The extracted protein samples were separated by SDS-PAGE and transferred to PVDF membranes. Samples were then blocked with 5% non-fat milk at room temperature for 1 h and subsequently probed with specific primary antibodies (Abcam, USA) against SRC-1 (anti-SRC-1 antibody, ab5407, 1/2,000), Twist (anti-Twist antibody, ab50581, 1/1,000), N-cadherin (anti-N-cadherin antibody, ab18203, 1 µg/mL), vimentin (anti-vimentin antibody, ab8978, 1/1,000) and E-cadherin (anti-E-cadherin antibody, ab1416, 1/50) at 4 °C overnight; subsequently, they were incubated with a corresponding secondary antibody at 37 °C for 45 min. The target bands were then visualized using enhanced chemiluminescence (Bio-Rad). Glyceraldehyde-3-phosphate dehydrogenase (GAPDH) served as an internal control.

Statistical analysis

A chi-square test was used to compare the quantitative factors and their rates, and comparisons in groups of continuous data were performed using one-way analysis of variance (ANOVA) followed by Tukey’s post hoc test. Spearman analysis was used to determine the correlation of SRC-1 and Twist1 expression. A Kaplan-Meier curve was performed for the survival analysis and to assess the relationship between the levels of SRC-1 and Twist1 and the 5-year survival of patients. Risk factors for 5-year survival rates were analyzed using Cox univariate and multivariate analysis. A P value less than 0.05 was considered statistically significant. All calculations were made using GraphPad Prism 6.0.

Results

The expression of SRC-1 and Twist1 was positively correlated in HCC patients

Expression of SRC-1 and Twist1 was determined by IHC analysis, and the correlation was calculated using Spearman analysis. As shown in Figure 1 and Table 1, the expression of SRC-1 was positive in 40 (57.1%) patients, and Twist1 was positive in 46 (65.7%) patients. Subsequent Spearman analysis showed that the expression of SRC-1 and Twist1 was positively correlated in HCC patients (P<0.05).

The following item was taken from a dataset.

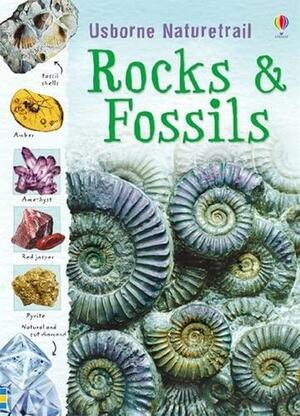 Rocks and Fossils by Struan Reid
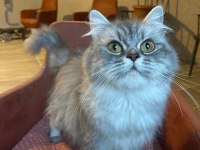 9-10 Aylık Dişi British Longhair (Ücretsiz Sahiplendirme)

Figure 1 Representative IHC images for SRC-1 and Twist1 in HCC patients. (A,B,C,D) SRC-1 and (E,F,G,H) Twist1 in human liver cancer; (A,E) negative staining; (B,F) weak positive staining; (C,G) moderate positive staining; (D,H) strong positive staining. Original magnification, ×400. IHC, immunohistochemistry; HCC, hepatocellular carcinoma.

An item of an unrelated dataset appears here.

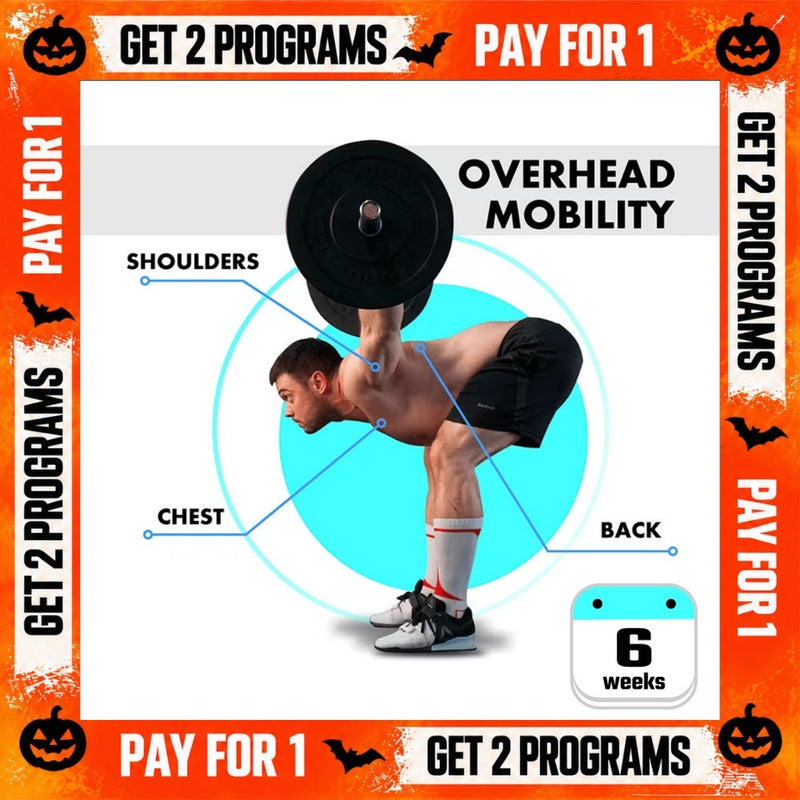 OVERHEAD MOBILITY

The expression of SRC-1 and Twist1 was correlated with clinical outcomes of HCC patients

To further investigate the role of SRC-1 and Twist1 in HCC, the relationship of SRC-1 and Twist1 expression with the clinical outcomes of HCC patients was studied. The results showed that the expression of SRC-1 was significantly different in patients with different tumor stages, TNM grades, and states of liver cirrhosis (P<0.05). The patients without SRC-1 had smaller tumor diameters, lower rates of TNM III–IV and lower percentages of liver cirrhosis (P<0.05, Table 2). Meanwhile, a lower rate of TNM III–IV and a lower percentage of liver cirrhosis were observed in patients who were negative for Twist1 (P<0.05). However, no significant difference was found in other indexes. These results indicate that the expression of SRC-1 and Twist1 is correlated with the clinical outcomes of HCC patients.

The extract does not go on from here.